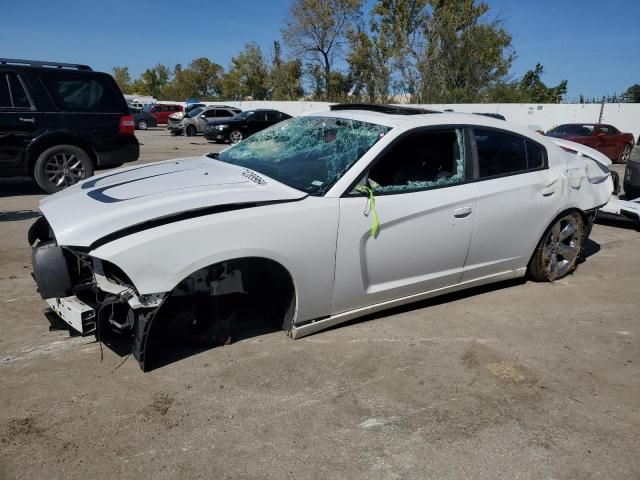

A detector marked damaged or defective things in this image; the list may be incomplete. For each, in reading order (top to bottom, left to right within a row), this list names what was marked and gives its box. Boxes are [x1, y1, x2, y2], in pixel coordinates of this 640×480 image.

damaged front end [28, 216, 166, 370]
shattered windshield [215, 116, 390, 195]
white damaged sedan [30, 103, 616, 370]
broken side window [362, 128, 468, 194]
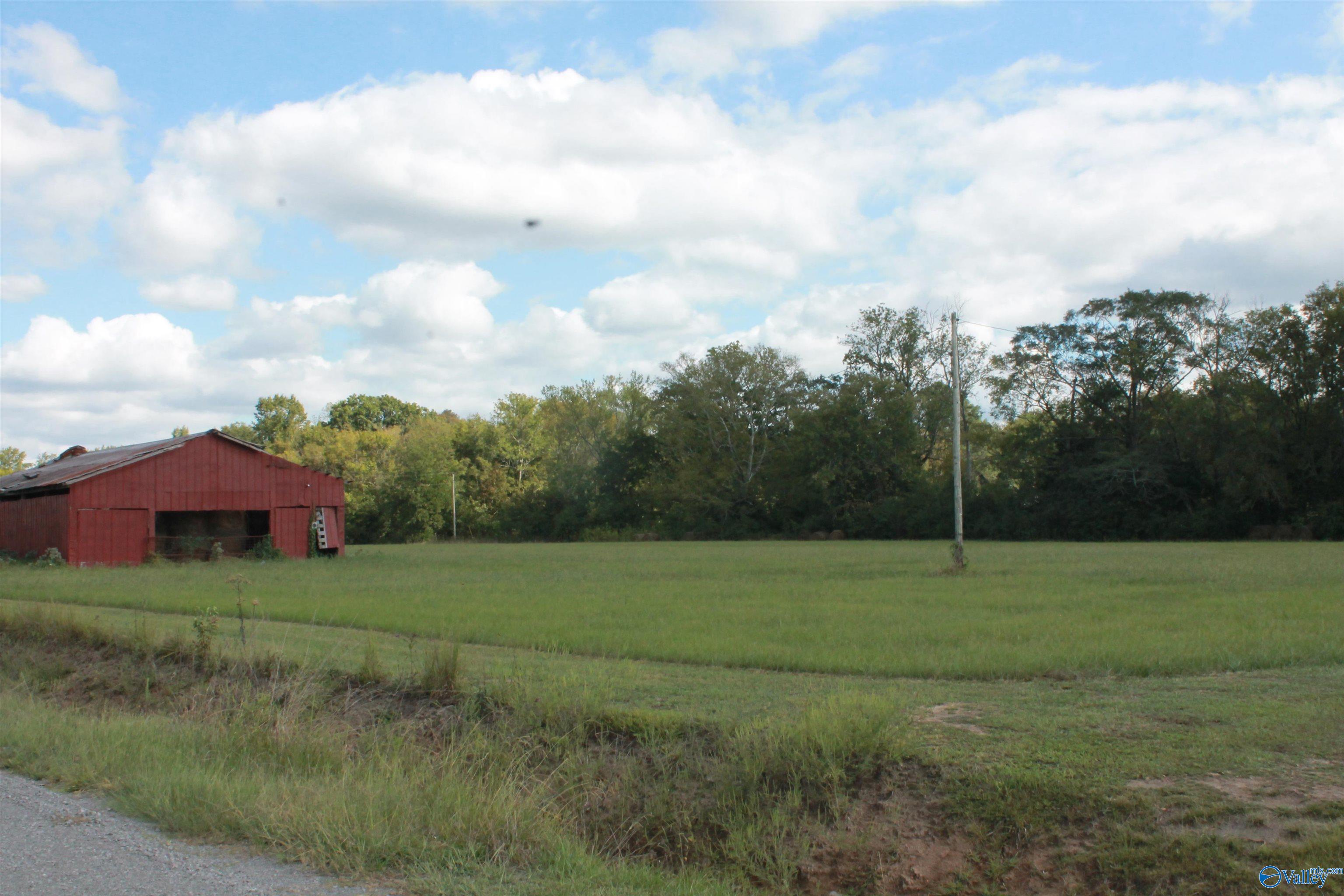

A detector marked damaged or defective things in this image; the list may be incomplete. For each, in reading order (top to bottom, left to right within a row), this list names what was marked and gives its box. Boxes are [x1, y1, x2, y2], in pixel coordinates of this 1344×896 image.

rusty metal barn roof [0, 430, 265, 494]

[Prompt]
Print every entry above verbatim but drop the images.

[Solution to this problem]
A detector marked damaged or defective things in this image; the list may be incomplete. For each, in reading order (top to bottom, left to right within a row), this list names what was marked and gives its box. Boxes are [x1, y1, x2, y2], in pixel coordinates of this 640×480 image.

damaged front end [28, 216, 166, 370]
shattered windshield [215, 116, 390, 195]
white damaged sedan [30, 103, 616, 370]
broken side window [362, 128, 468, 194]

A detector marked damaged or defective things in this image; the list may be incomplete. For each, in reading order (top to bottom, left to right within a row), this list names what was marked and gives its box. Boxes are [x1, y1, x2, y2], in pixel coordinates of this 1344×896 image.

rusty metal barn roof [0, 430, 265, 494]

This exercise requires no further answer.